By Tom Wetzel
By Tom Wetzel
by Tom Wetzel
I remember years ago as a rookie riding with a veteran sergeant. We drove by a clothing store and he decided to stop by.
The merchandise was on hangers which were all in one direction, he pointed out to the ladies working there, making it easy for a thief to quickly grab a large amount of clothing. He showed them how switching the direction of some of the clothes hangers would make it more difficult to quickly remove a bunch of clothes. What I had just watched was a good example of community policing.
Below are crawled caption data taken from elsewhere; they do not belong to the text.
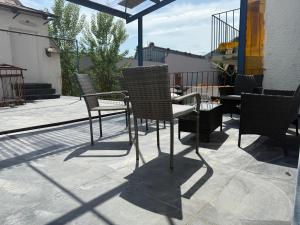 a group of chairs and an umbrella on a patio at GRAZis Apartments in Graz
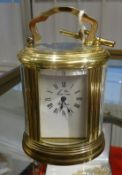 A French miniature oval brass carriage clock, the dial marked 'L'epee' with key, height 11cm, handle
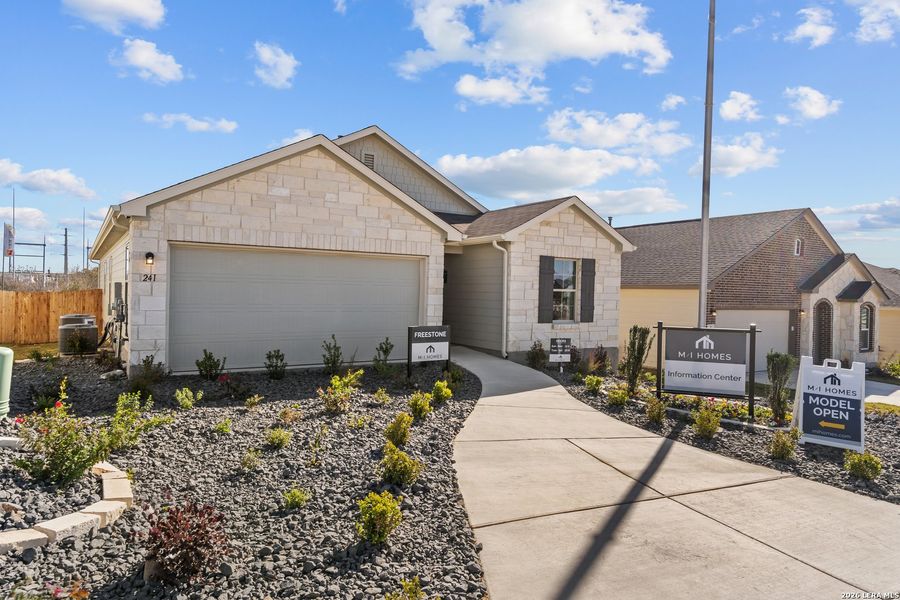 Front exterior of a new home in Hunters Ranch, San Antonio, TX, highlighting curb appeal (Image 24).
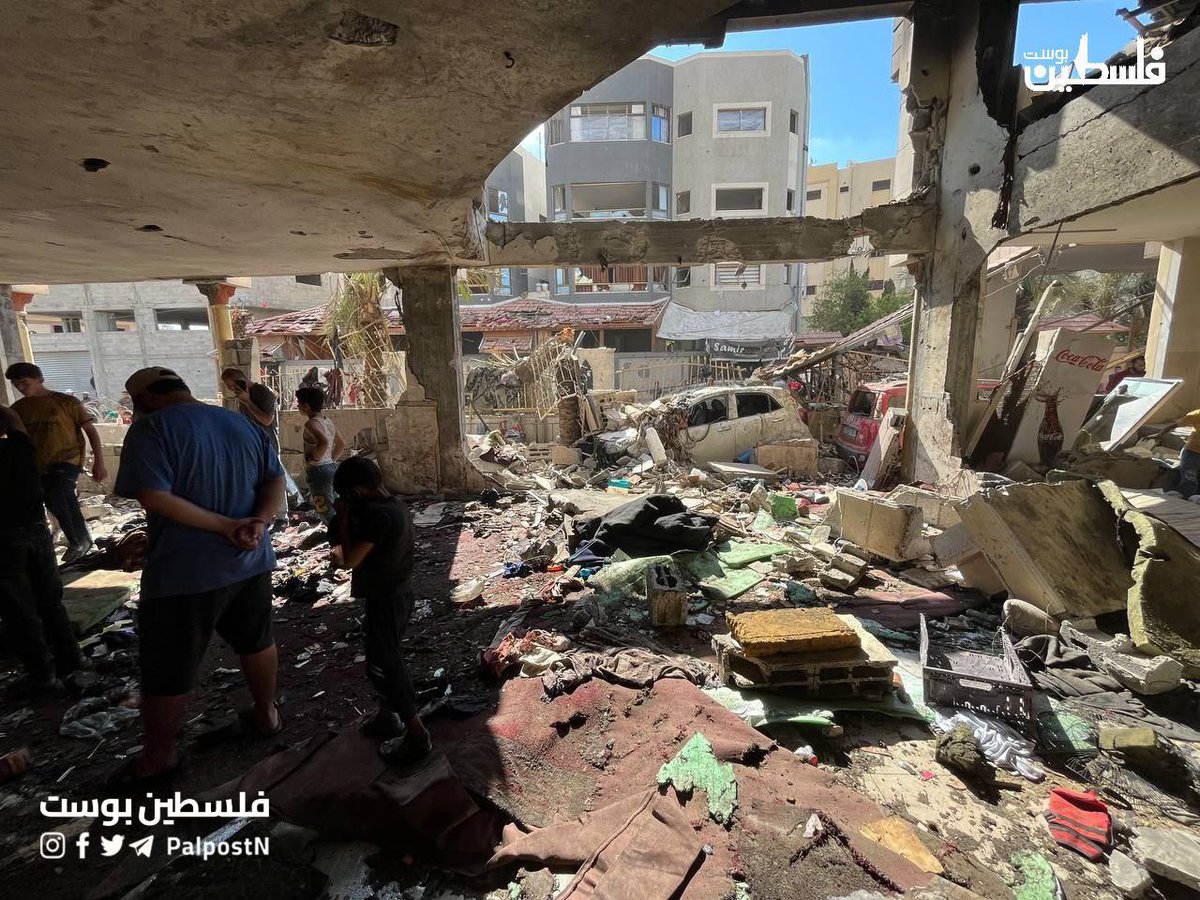 Timesofgaza's tweet photo. Scenes from the sight of the lsraeli massacre committed this dawn east of Gaza city, which led to the killing of more than 100 displaced Palestinians while performing their prayer. https://t.co/EREGsOQW5I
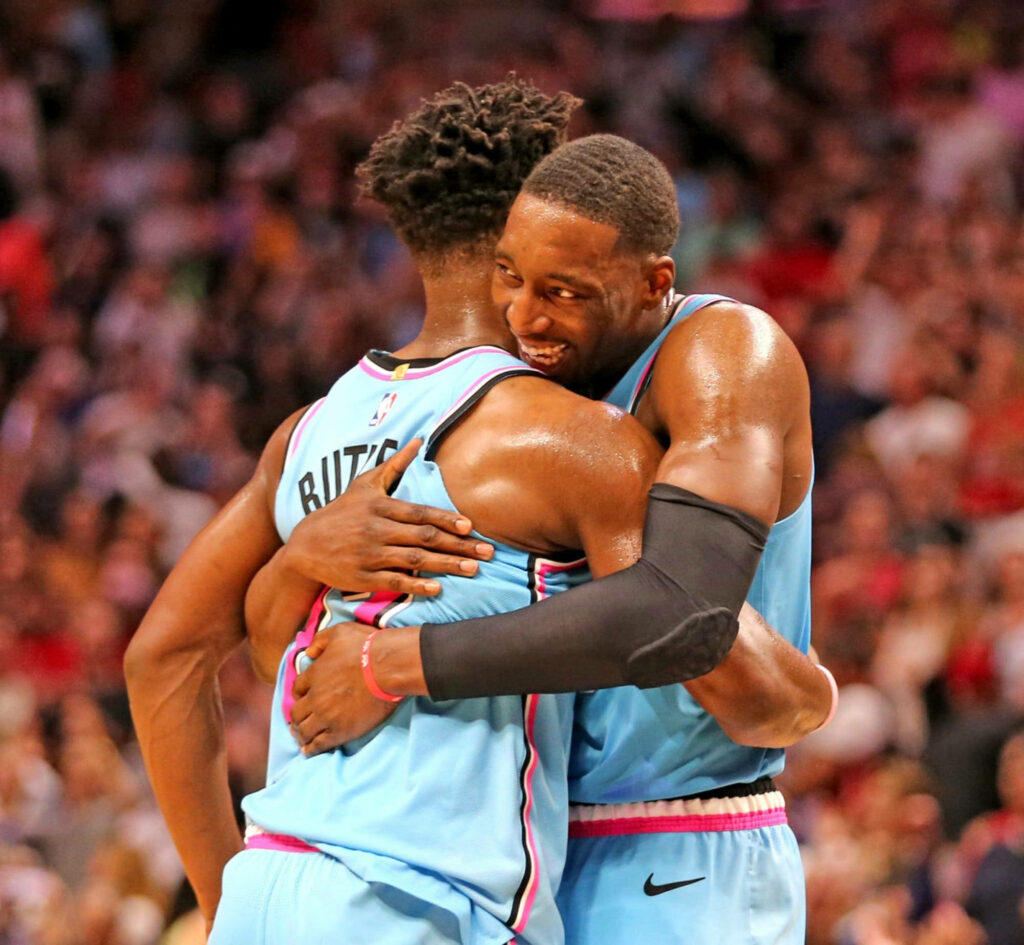 Bam Adebayo and Jimmy Butler celebrating on court in Miami Heat uniforms showing teamwork Wallpaper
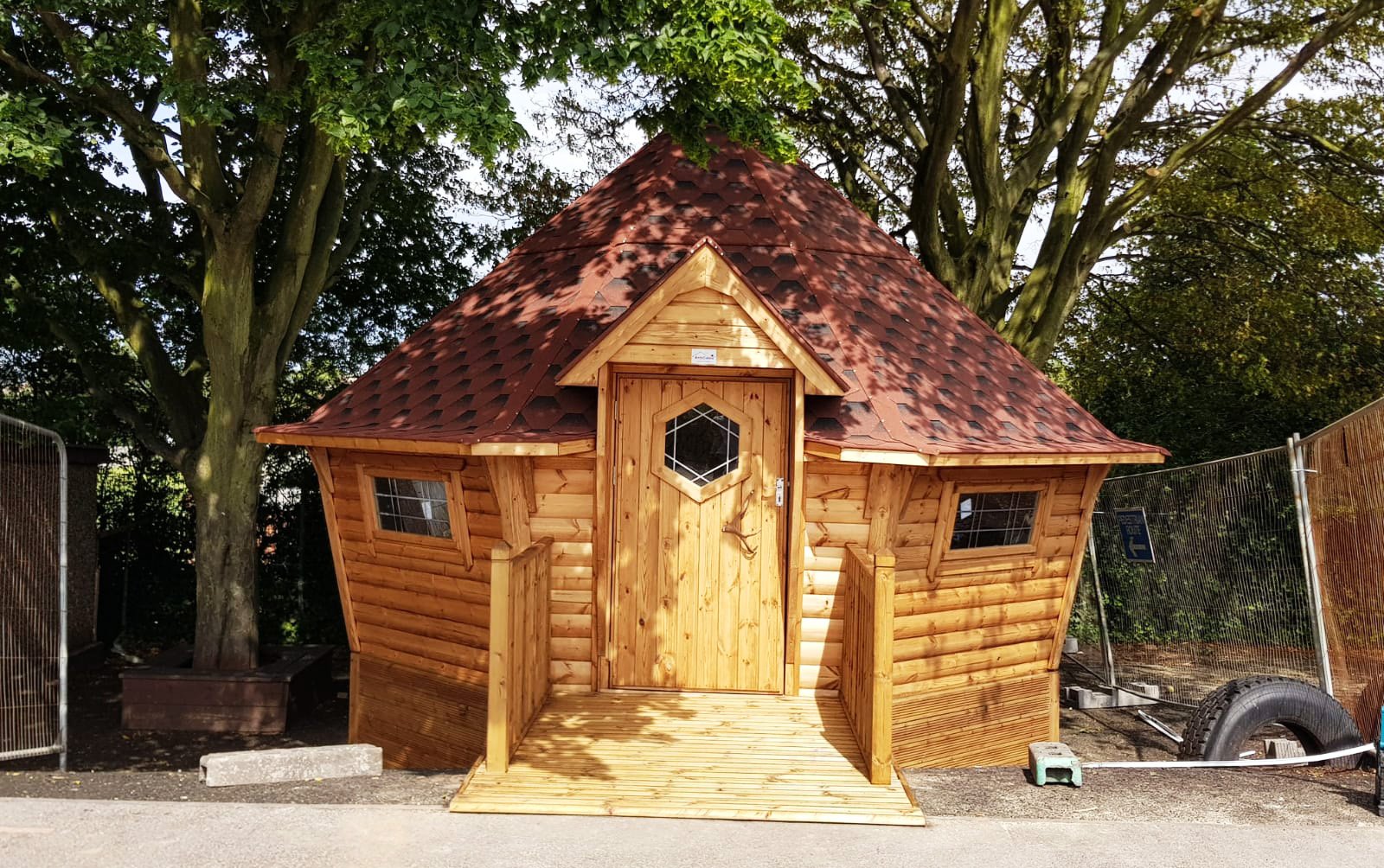 Large timber School Cabin with red roof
What this supervisor had shown me was how to work with our customers to make crime more difficult to commit through a friendly interaction. He had conveyed to these ladies the value of target hardening. If they took his advice, they may have discouraged thieves from trying to make quick snatch and grabs at that store. Making the commission of a crime more difficult or preventing it from happening altogether is what target hardening is all about.
Developing and promoting target hardening tactics are an important component of any agency’s community policing efforts. During tours of duty, officers have opportunities to recognize areas of concern and act on them by working with their customers to develop strategies to prevent crime. Whether it is a business, religious institution, school or home, there are likely to be variables within each that can be adjusted or changed to help deter crime at that location.
Depending on the location and present concerns, these tactics can be something as simple as changing the direction of clothing hangers, as the veteran sergeant suggested, to putting up concrete barriers in certain spots to prevent vehicle access. Target hardening ideas can be developed through daily observations of locations, the people who frequent them and looking at crime patterns in that area.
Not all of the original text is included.